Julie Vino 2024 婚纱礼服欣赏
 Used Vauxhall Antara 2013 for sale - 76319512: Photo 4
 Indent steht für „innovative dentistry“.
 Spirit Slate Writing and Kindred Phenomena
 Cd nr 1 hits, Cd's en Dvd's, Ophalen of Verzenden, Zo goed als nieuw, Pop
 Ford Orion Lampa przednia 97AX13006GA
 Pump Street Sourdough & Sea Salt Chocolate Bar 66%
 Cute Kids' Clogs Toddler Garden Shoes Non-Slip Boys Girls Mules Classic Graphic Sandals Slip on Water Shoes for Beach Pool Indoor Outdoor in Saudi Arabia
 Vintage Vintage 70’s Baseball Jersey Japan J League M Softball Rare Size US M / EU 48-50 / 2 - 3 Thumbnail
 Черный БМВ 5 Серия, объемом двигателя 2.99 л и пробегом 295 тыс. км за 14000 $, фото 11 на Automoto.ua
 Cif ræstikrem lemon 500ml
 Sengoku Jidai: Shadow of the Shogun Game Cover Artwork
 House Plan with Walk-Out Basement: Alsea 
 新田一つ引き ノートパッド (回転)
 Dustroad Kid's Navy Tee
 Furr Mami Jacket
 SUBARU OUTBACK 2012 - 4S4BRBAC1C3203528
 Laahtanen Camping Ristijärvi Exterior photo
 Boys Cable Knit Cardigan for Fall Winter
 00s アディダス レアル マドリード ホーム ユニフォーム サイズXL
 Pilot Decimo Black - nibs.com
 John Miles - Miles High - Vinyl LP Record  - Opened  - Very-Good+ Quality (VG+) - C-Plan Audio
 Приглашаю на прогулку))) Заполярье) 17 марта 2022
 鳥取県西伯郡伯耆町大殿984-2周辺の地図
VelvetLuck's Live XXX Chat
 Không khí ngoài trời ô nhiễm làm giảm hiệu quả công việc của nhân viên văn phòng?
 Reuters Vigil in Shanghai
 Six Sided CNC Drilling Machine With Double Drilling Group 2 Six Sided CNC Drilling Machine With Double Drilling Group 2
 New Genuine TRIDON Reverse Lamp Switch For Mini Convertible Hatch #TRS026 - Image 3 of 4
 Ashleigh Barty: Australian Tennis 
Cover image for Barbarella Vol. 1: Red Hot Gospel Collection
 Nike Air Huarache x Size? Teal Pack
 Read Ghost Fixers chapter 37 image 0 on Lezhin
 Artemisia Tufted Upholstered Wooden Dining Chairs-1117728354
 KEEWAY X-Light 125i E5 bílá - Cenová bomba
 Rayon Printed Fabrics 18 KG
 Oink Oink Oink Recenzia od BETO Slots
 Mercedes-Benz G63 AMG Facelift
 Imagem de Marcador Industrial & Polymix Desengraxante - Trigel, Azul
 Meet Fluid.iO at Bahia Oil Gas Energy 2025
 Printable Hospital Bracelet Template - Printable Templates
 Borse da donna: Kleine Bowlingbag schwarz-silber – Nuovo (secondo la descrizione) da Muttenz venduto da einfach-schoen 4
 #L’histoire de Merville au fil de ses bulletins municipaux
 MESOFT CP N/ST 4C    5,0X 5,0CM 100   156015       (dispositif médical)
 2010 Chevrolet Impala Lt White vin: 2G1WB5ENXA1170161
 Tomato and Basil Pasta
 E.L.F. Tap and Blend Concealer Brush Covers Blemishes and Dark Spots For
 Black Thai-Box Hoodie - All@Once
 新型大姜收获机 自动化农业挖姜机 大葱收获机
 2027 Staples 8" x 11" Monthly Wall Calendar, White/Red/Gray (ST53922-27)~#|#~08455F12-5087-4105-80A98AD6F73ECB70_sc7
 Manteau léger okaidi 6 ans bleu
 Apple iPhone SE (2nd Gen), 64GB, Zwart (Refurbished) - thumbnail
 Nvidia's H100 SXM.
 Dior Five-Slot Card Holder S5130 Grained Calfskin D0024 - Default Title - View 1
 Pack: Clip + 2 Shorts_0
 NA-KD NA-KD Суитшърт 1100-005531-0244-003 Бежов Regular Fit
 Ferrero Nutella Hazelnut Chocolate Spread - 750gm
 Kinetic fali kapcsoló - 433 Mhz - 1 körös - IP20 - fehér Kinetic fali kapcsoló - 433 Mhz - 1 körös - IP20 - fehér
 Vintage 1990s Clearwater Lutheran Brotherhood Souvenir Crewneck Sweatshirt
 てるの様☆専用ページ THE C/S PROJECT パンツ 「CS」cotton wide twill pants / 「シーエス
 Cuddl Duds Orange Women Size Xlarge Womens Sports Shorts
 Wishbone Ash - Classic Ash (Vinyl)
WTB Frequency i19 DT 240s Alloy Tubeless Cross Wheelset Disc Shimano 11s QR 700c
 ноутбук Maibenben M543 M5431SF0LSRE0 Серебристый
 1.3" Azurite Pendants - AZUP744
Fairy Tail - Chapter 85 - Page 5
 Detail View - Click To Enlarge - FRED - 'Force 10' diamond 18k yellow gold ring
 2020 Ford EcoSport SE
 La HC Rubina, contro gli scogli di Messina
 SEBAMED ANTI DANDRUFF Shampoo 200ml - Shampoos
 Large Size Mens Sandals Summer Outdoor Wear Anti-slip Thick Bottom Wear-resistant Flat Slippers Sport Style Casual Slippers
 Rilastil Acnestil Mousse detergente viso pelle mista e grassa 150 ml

- Task brief
Reproduce only the lines from the top of the material through the one bearing "Ford Orion Lampa przednia 97AX13006GA", each exactly as it stands.

- Result below
Julie Vino 2024 婚纱礼服欣赏
 Used Vauxhall Antara 2013 for sale - 76319512: Photo 4
 Indent steht für „innovative dentistry“.
 Spirit Slate Writing and Kindred Phenomena
 Cd nr 1 hits, Cd's en Dvd's, Ophalen of Verzenden, Zo goed als nieuw, Pop
 Ford Orion Lampa przednia 97AX13006GA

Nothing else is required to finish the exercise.